# Your objective:
After finding the line containing "Halloween Scary Silicone" below, please output that line and each following one through the line containing "Masa Eteği Metalik Püskül Pembe", exactly as written.

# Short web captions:
---*---

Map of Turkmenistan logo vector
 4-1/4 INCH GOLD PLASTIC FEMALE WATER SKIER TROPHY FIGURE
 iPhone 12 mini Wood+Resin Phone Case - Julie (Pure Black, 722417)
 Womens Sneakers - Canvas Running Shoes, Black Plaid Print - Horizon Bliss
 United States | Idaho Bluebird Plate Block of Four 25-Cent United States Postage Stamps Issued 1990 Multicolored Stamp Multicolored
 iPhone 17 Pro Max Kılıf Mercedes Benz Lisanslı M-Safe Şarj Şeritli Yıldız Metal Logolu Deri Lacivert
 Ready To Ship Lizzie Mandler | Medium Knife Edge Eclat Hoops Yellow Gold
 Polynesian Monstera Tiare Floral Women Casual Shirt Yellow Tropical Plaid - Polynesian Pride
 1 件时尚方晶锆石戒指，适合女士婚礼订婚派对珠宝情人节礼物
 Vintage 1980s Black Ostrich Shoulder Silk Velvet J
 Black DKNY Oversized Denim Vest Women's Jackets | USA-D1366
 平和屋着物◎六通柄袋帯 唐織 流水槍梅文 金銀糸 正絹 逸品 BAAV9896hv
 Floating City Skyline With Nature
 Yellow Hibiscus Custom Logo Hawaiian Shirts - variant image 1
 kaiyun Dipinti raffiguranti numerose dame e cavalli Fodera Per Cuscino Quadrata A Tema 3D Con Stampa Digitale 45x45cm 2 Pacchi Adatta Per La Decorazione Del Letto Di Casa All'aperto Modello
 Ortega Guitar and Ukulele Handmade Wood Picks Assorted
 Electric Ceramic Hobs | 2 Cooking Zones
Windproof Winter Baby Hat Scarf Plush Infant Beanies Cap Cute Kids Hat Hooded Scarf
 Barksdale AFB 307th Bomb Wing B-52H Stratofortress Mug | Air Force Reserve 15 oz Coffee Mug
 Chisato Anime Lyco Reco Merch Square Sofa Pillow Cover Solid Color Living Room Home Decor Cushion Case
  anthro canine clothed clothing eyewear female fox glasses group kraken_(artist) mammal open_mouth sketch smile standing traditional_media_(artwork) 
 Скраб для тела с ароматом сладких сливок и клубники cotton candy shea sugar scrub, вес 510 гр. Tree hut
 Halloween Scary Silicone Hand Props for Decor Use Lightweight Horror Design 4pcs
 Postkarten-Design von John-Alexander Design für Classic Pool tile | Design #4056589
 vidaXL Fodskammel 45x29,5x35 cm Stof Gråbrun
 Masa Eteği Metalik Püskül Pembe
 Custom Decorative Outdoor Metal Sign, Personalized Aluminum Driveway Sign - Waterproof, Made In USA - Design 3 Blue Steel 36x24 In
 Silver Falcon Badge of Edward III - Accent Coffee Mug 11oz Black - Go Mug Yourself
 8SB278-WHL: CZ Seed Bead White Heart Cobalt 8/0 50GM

---*---

# Task output:
 Halloween Scary Silicone Hand Props for Decor Use Lightweight Horror Design 4pcs
 Postkarten-Design von John-Alexander Design für Classic Pool tile | Design #4056589
 vidaXL Fodskammel 45x29,5x35 cm Stof Gråbrun
 Masa Eteği Metalik Püskül Pembe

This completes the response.